If you could also show me the steps to solving this, it would greatly be appreciated. Thank you for your help!

 

We won't do your homework for you, which is what showing you the steps to solve it amounts to.

What you need to do is show YOUR best attempt to work your homework. Just do the best you can. That gives us something to work from to try to identify where you are going wrong and to help get you back on track.

It looks like your schematic has two resistors labeled r2 but your list has an r1 and and r2. Please clarify.

 

We won't do your homework for you, which is what showing you the steps to solve it amounts to.

What you need to do is show YOUR best attempt to work your homework. Just do the best you can. That gives us something to work from to try to identify where you are going wrong and to help get you back on track.

It looks like your schematic has two resistors labeled r2 but your list has an r1 and and r2. Please clarify.

Fair enough! Yea, there is a mistake, the first resistance is R1 and the one next to the inductor is R2.
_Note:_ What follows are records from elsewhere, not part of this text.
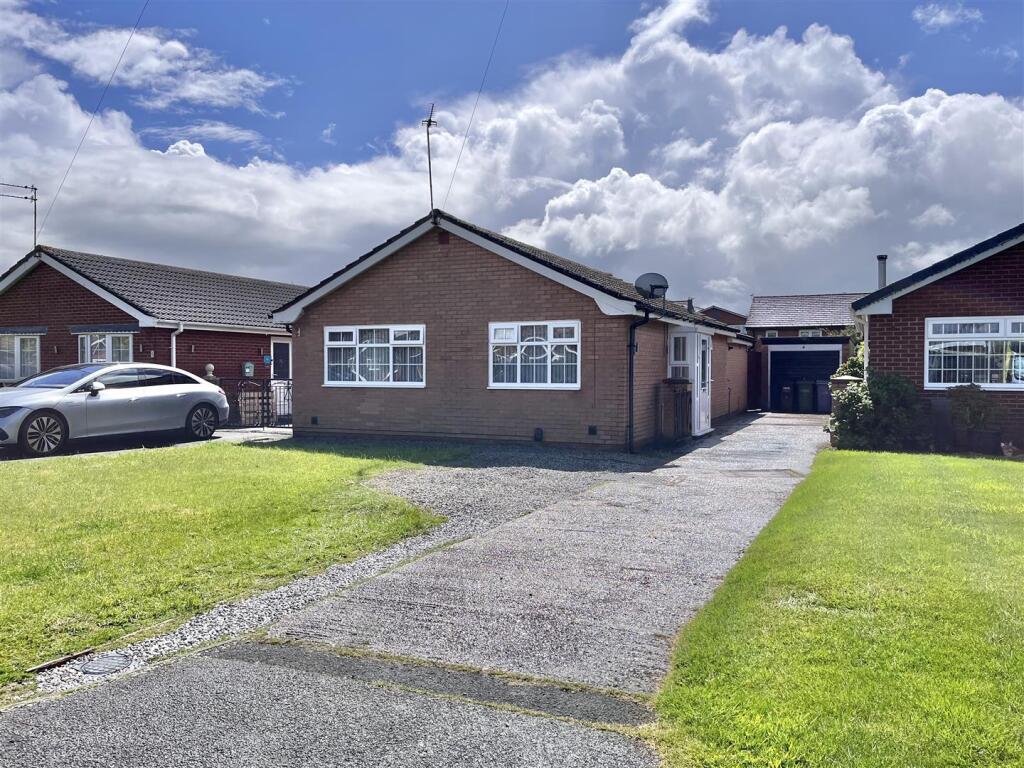Main image of property: Hurlbote Close, Handforth, Wilmslow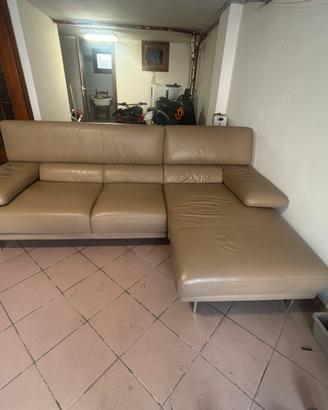 Divano in pelle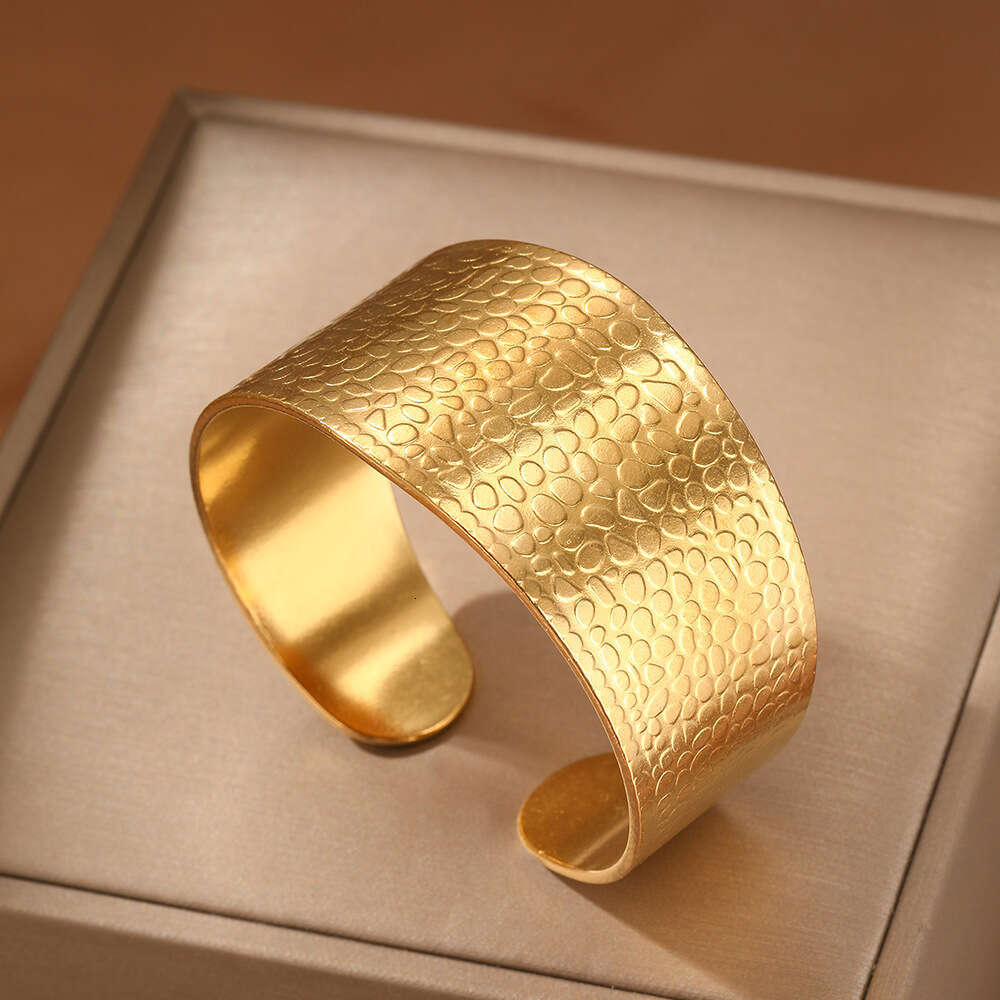 Titanium C-shaped adjustable geometry, stainless steel bracelet for women with exaggerated high-end feel and opening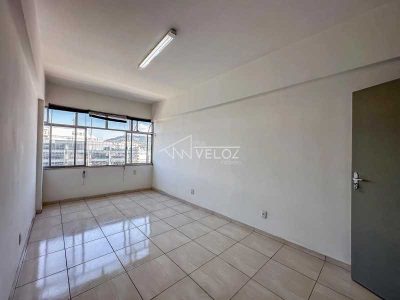 Apartamento, 1 quarto, 29 m² - Foto 1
This is how i tried to solve it. I think i remember having to seperate the two loops by their complex resistances and then calculating the values of voltage and amperage, although im not entirely sure if what i did is correct. Also, im not 100% sure i calculated the wattage correctly too! Im trying my best here to understand, any help at all would be appreciated!

 

I'm confused by your schematic. You show no connection between the left part (that has the inductor) and everything to the right of it.

 

So i went back to ask for a proper schematic, and this seems to be it, sorry for the inconvenience.
So far i have 2 questions.

1. Do i have to convert from micro farads to farads or can i use just microfarads for my complex resistance calculation?
2. How do i write down the voltage in a complex form, given that the power supply is giving of a sinusoidal voltage (e(t)=300sin(wt+135°))

This is what i have so far!

 

Go back and review the relationship between phasor representation and sinusoidal representation. In general, you must pick a zero-angle reference time -- i.e., a value of t at which sinusoidal signal would have zero phase angle. In this case that is already done for you since you are given the full time-domain description of one of the signals.

So review how the amplitude and phase of a sinusoidal signal is represented with a phasor.

You can keep μF if you want -- just be sure to track it properly. In particular, 1/μ = 1 M (1 mega).

 

Go back and review the relationship between phasor representation and sinusoidal representation. In general, you must pick a zero-angle reference time -- i.e., a value of t at which sinusoidal signal would have zero phase angle. In this case that is already done for you since you are given the full time-domain description of one of the signals.

So review how the amplitude and phase of a sinusoidal signal is represented with a phasor.

You can keep μF if you want -- just be sure to track it properly. In particular, 1/μ = 1 M (1 mega).

Alright, good stuff ! So if im understanding this correctly, if i have a rotating vector, with a phase angle of 0 at the given time t. So does that mean the phasors are written down like this ?

e(t) = 300sin(wt+135) = 300cos(wt+45) => U = 300*e^(j45) = 300*(cos(45)+j*sin(45))

 

There are a couple of ways of doing it -- you only have to be consistent within a given problem. The big thing is to make sure that all of your time domain equations are represented as either sine or cosine. Whichever you chose, you can use the angles in that representation as your phase angles, do your work, and then convert the results back to the time domain just being sure to use the same function to represent them.

But you have the right idea (though you should use units properly).

e(t) = 300V·sin(wt+135°) = 300V·cos(wt+45°) => U = 300V*e^(j45°) = 300V*(cos(45°)+j*sin(45°))

You could just as reasonable say

e(t)= 300V·sin(wt+135°) => U = 300V*e^(j135°) = 300V*(cos(135°)+j*sin(135°))

In the first case, you transform you angle back into a cosine function and in the second you transform it back into a sine function.

 

There are a couple of ways of doing it -- you only have to be consistent within a given problem. The big thing is to make sure that all of your time domain equations are represented as either sine or cosine. Whichever you chose, you can use the angles in that representation as your phase angles, do your work, and then convert the results back to the time domain just being sure to use the same function to represent them.

But you have the right idea (though you should use units properly).

e(t) = 300V·sin(wt+135°) = 300V·cos(wt+45°) => U = 300V*e^(j45°) = 300V*(cos(45°)+j*sin(45°))

You could just as reasonable say

e(t)= 300V·sin(wt+135°) => U = 300V*e^(j135°) = 300V*(cos(135°)+j*sin(135°))

In the first case, you transform you angle back into a cosine function and in the second you transform it back into a sine function.

Awesome ! Thanks for your help. If i get into any more problems with this, ill post them here later.